— Exercise material —
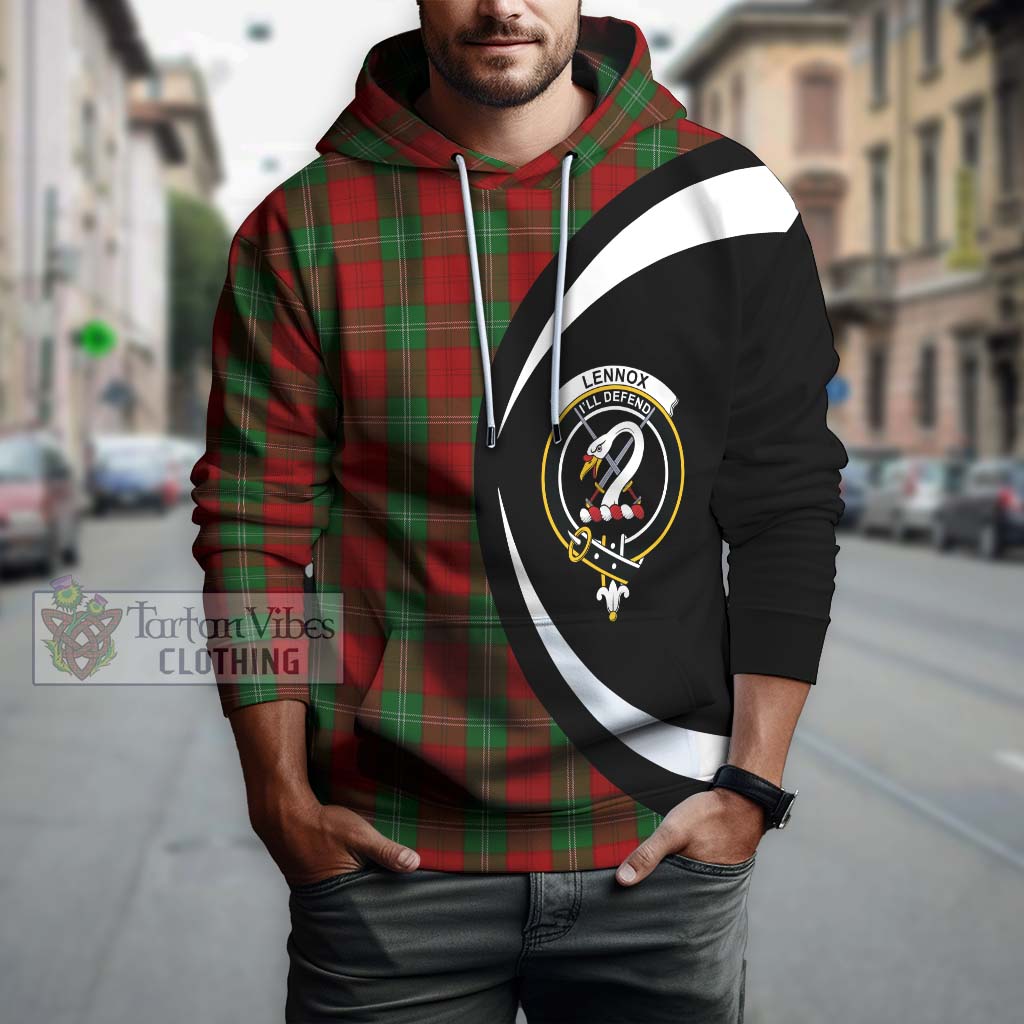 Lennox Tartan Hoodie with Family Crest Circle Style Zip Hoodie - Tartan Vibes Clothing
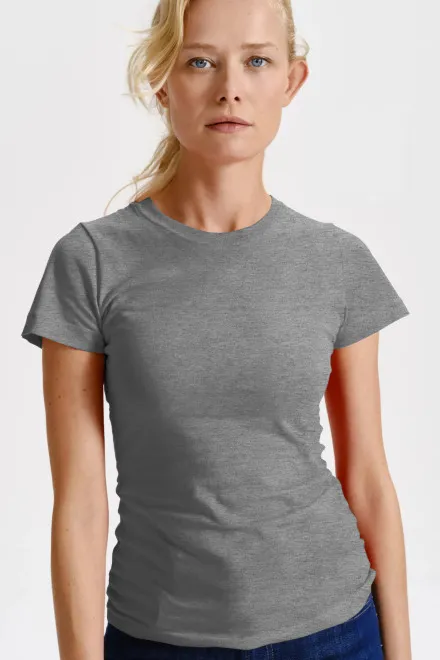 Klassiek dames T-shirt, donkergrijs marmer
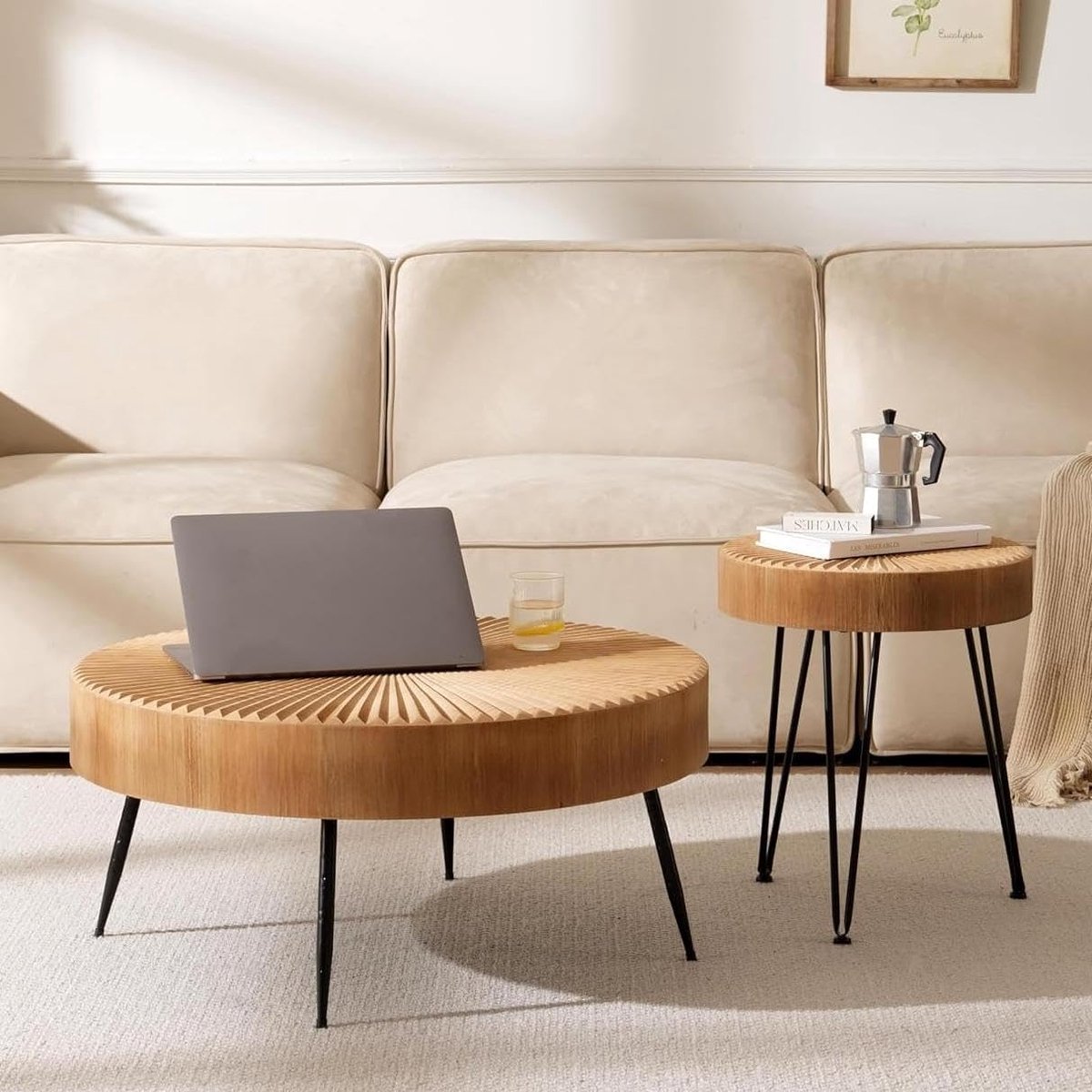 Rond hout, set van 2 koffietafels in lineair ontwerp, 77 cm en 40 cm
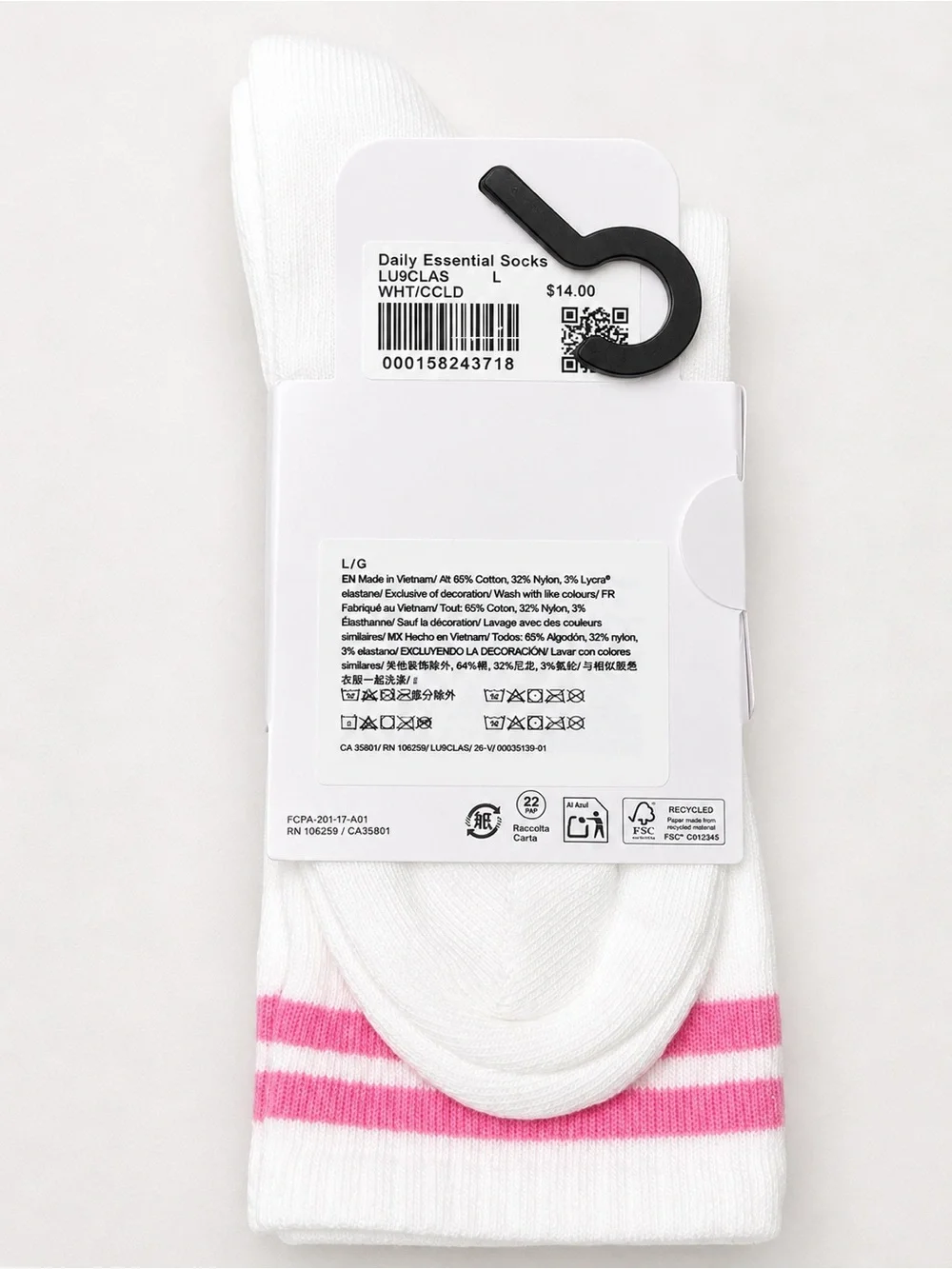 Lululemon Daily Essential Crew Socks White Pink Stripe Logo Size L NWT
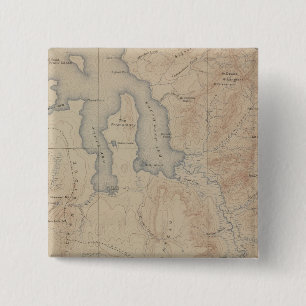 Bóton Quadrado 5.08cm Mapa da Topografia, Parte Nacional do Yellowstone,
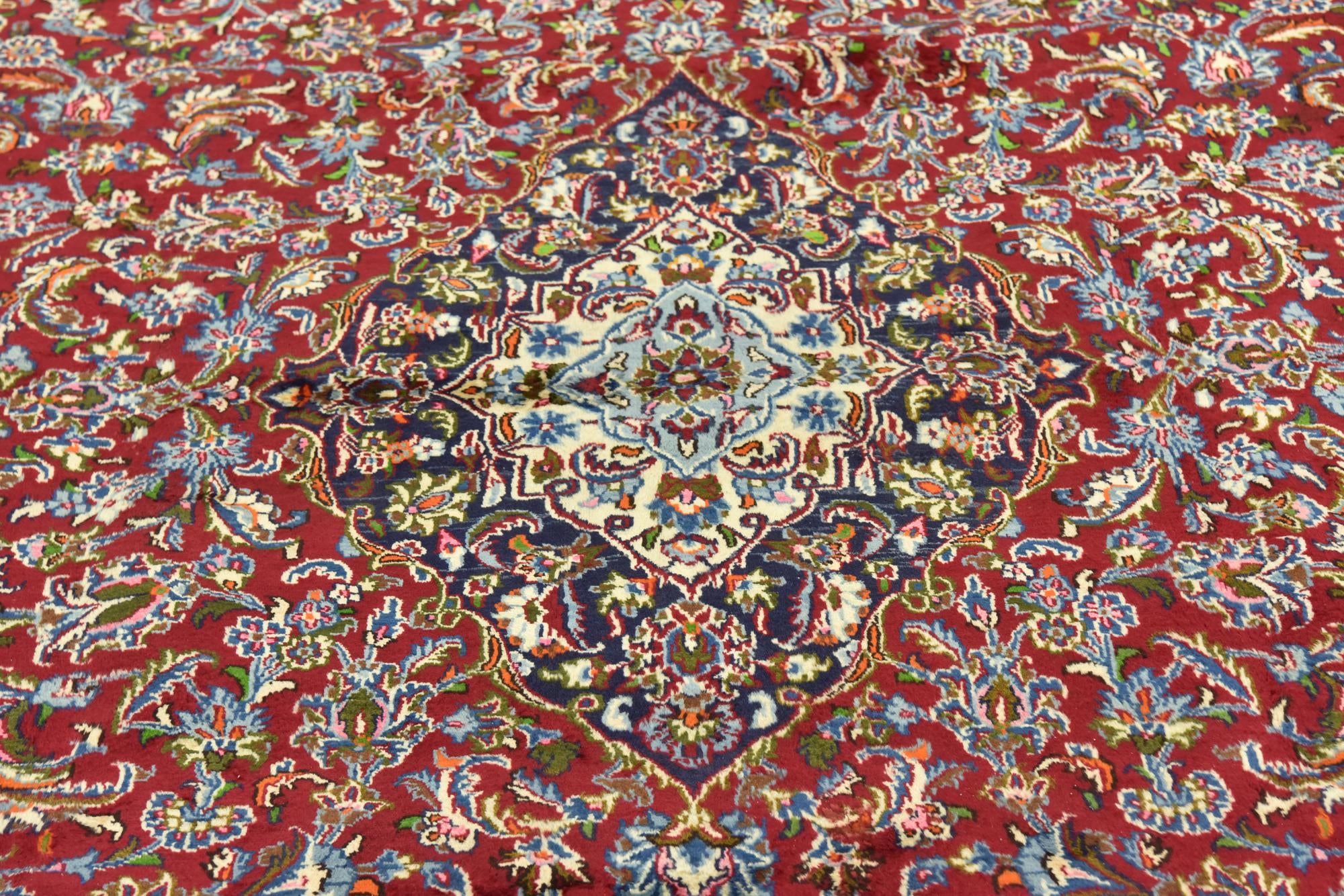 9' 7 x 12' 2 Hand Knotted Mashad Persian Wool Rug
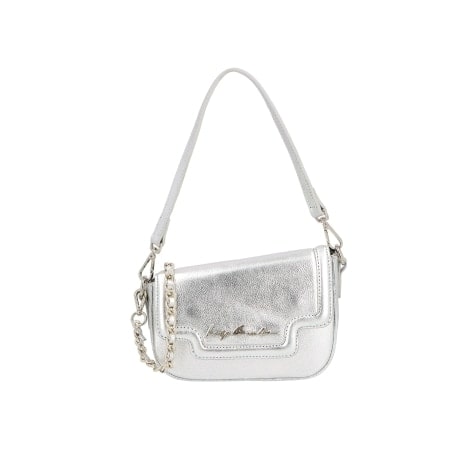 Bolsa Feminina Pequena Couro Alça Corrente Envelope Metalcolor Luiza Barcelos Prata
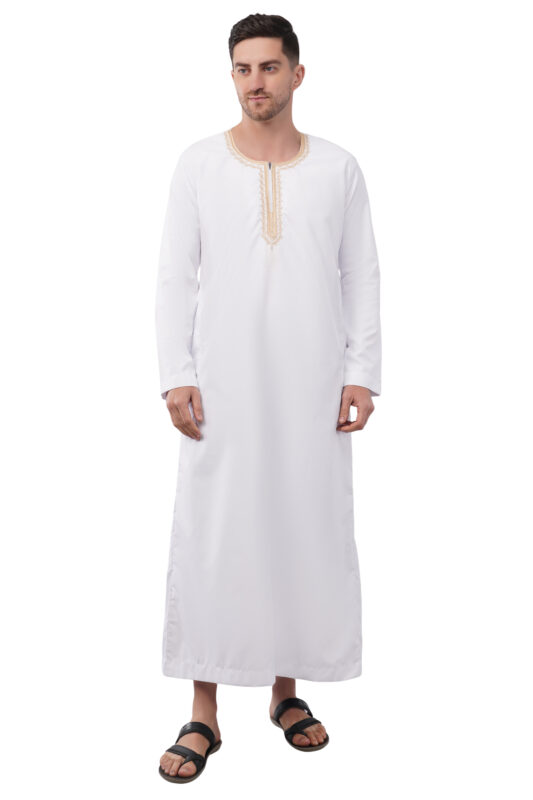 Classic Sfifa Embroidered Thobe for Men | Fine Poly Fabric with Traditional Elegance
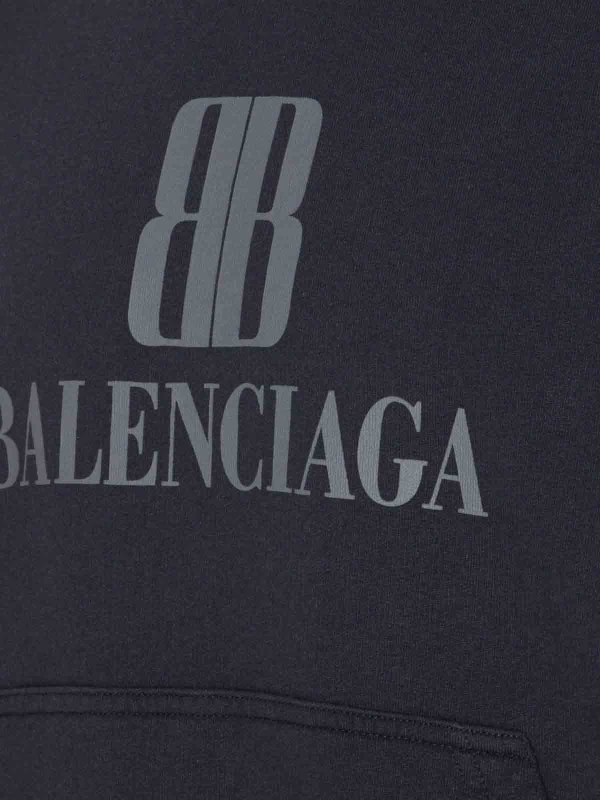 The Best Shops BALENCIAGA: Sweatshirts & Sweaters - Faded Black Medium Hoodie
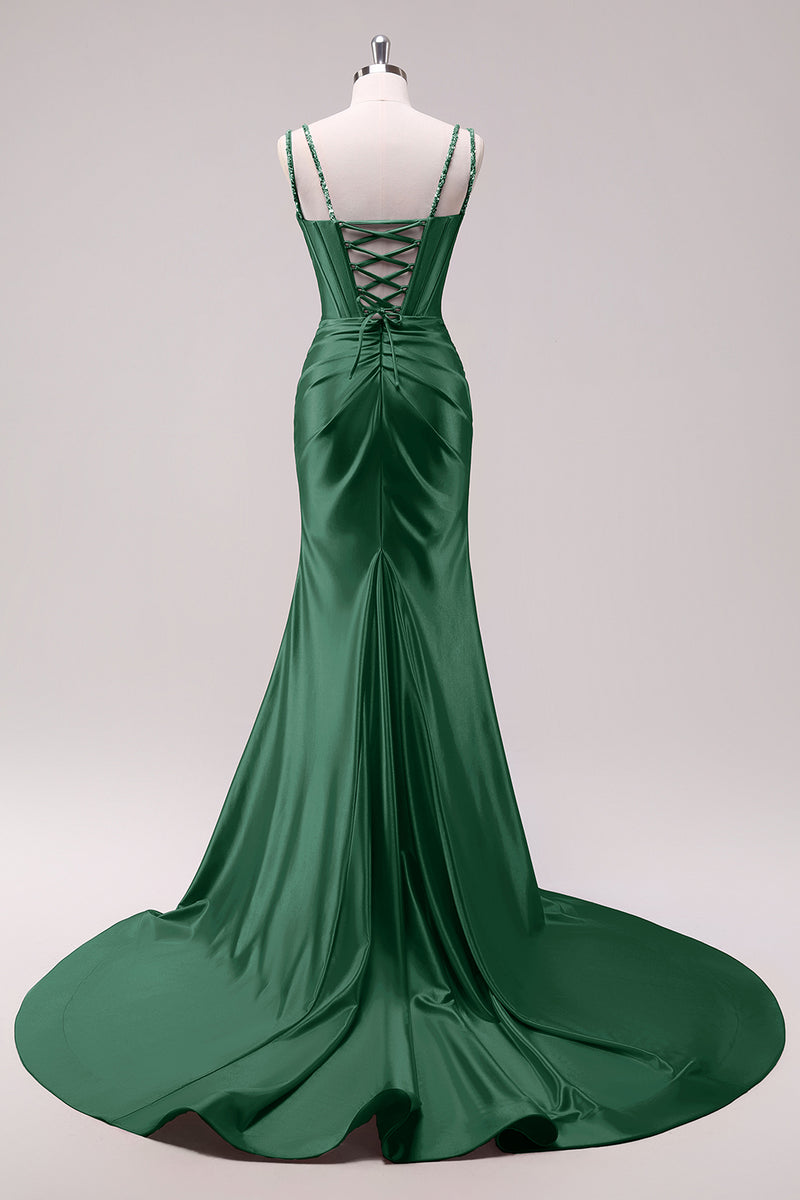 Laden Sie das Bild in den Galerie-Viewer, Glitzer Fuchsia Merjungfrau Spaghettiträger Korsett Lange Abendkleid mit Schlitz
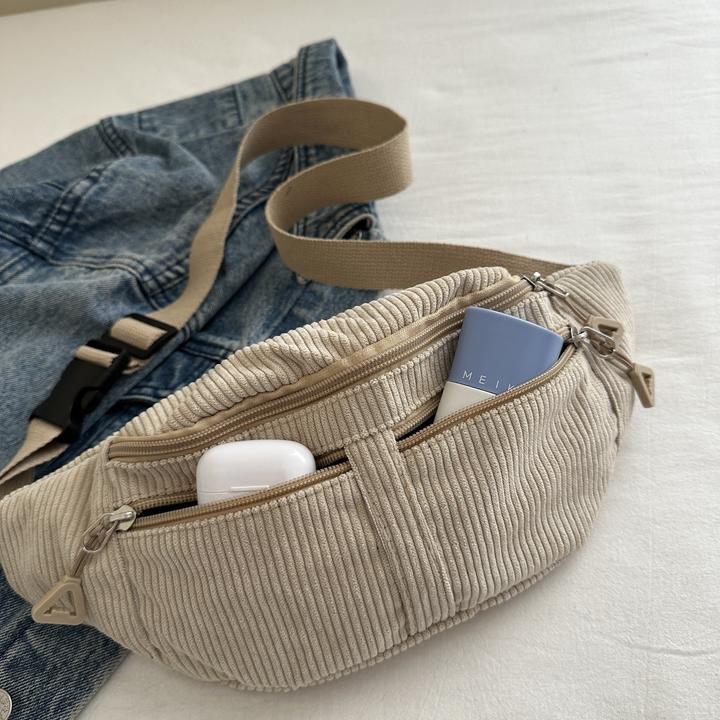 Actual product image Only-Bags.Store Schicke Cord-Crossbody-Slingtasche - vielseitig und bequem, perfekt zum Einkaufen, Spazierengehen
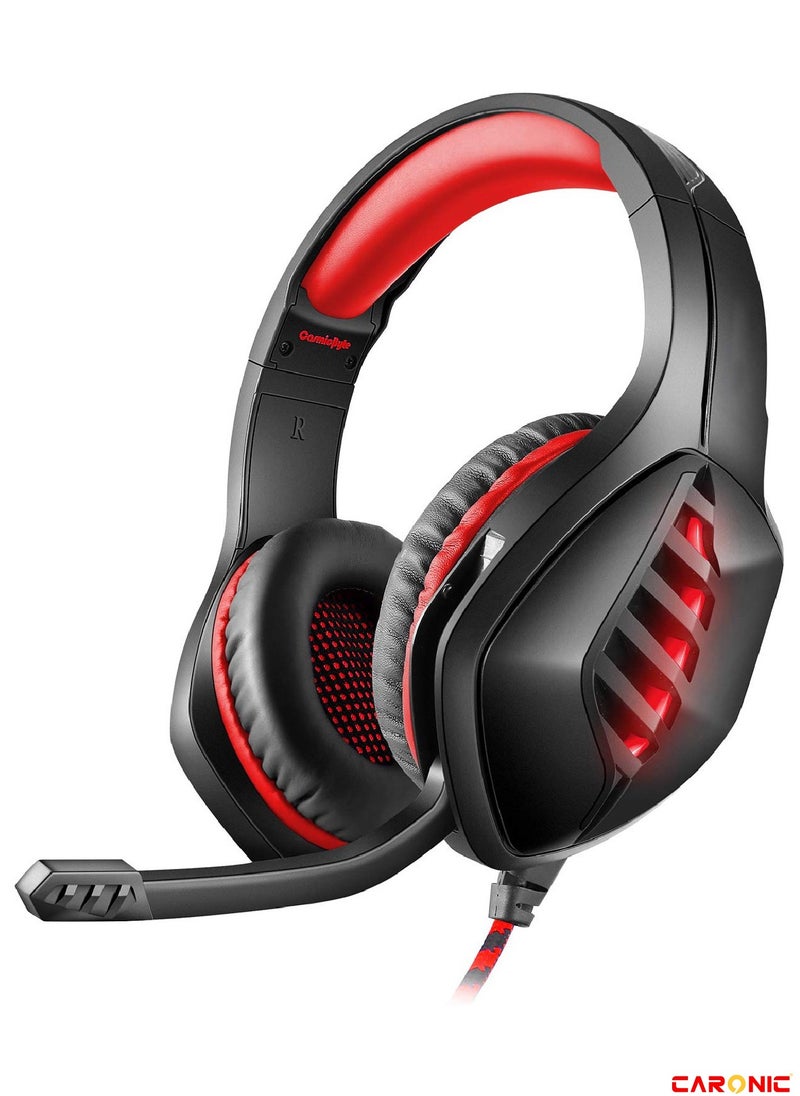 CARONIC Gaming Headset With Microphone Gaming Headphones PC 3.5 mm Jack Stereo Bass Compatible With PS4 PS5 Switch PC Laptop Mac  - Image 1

— Your goal —
Please set down, exactly and with no pictures, the lines in the entries above starting at the one holding "Lululemon Daily Essential" and ending at the one holding "The Best Shops", ends included.

— Response to the exercise —
 Lululemon Daily Essential Crew Socks White Pink Stripe Logo Size L NWT
 Bóton Quadrado 5.08cm Mapa da Topografia, Parte Nacional do Yellowstone,
 9' 7 x 12' 2 Hand Knotted Mashad Persian Wool Rug
 Bolsa Feminina Pequena Couro Alça Corrente Envelope Metalcolor Luiza Barcelos Prata
 Classic Sfifa Embroidered Thobe for Men | Fine Poly Fabric with Traditional Elegance
 The Best Shops BALENCIAGA: Sweatshirts & Sweaters - Faded Black Medium Hoodie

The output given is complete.